If Indian casinos are supposed to be on Indian reservation property, why was the Coushatta casino built in Kinder when the
tribe is in Elton?
Under the Indian Gaming Regulatory Act, tribes may operate casinos on “Indian lands,” a term that refers to reservations and
to land the federal government holds in trust for tribes.
Coushatta Casino Resort — an idea the tribe began pursuing in earnest in 1991 — sits on trust land, which the federal government
took ownership of in the mid-1990s, a short while before the casino opened.
The IGRA prohibits gambling on lands acquired in trust after Oct. 17, 1988, the date the law took effect. But it contains
several exceptions.
One permits gambling on lands that were contiguous to a reservation as it existed on Oct. 17, 1988. Another allows endeavors
OK’d by both the governor and the Interior secretary.
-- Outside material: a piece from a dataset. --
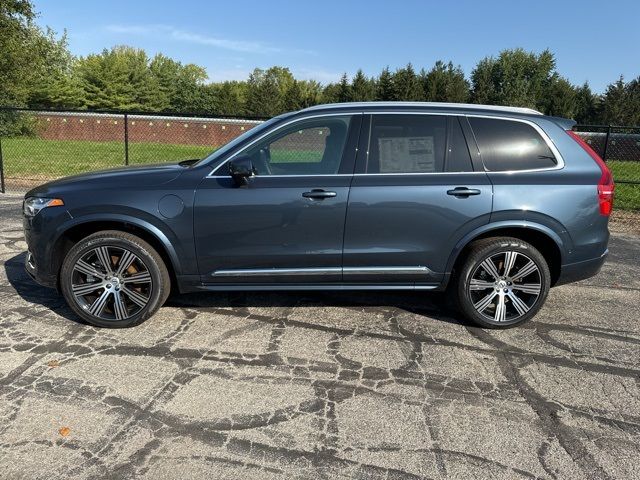 2025 Volvo XC90 Plug-In Hybrid Plus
The Coushatta, to whom developer Grand
Casinos Inc. had donated several hundred acres, at first sought to have
the land, joined
by a two-mile strip to the reservation, placed in trust through
contiguity — a move backed by a 1993 attorney general’s opinion.
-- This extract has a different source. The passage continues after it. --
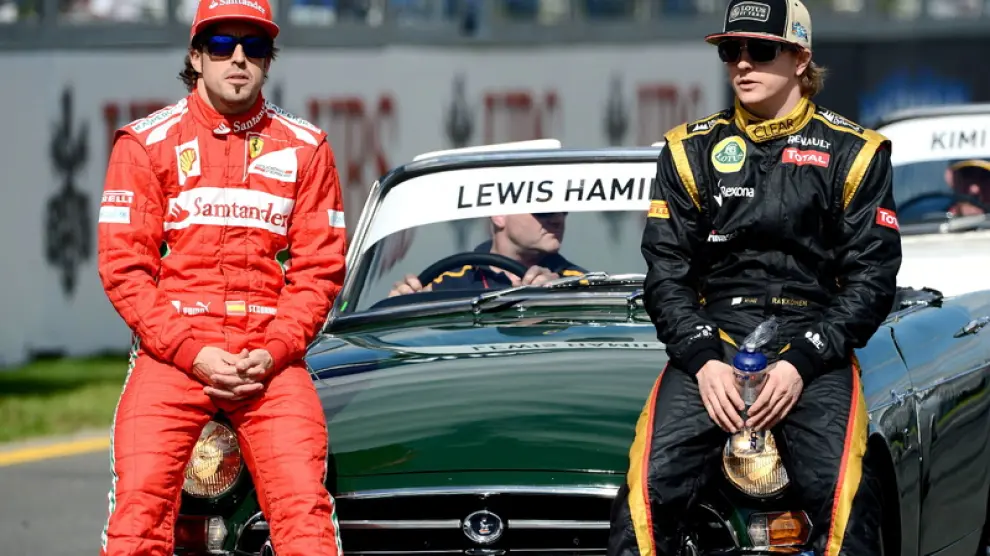 Alonso, junto a Raikkonen, antes de comenzar la carrera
The federal government disagreed and
instead asked then-Gov. Edwin Edwards — under the above exception — to
give the trust
arrangement his OK. Edwards declined, saying state law only
allowed him to sign Indian gambling compacts for land “as it exists
on July 25, 1990,” and as permitted under federal law.
In May 1994, the tribe announced that
federal officials had told the Coushatta the casino lands would be
considered contiguous
— and put in trust — if the Indians could buy additional land.
Grand Casinos did so, purchasing 55 acres from a Kinder family
in 1994, and the Interior Department accepted the land.
The casino opened on Jan. 16, 1995.
Online: www.nigc.gov; www.coushattatribela.org.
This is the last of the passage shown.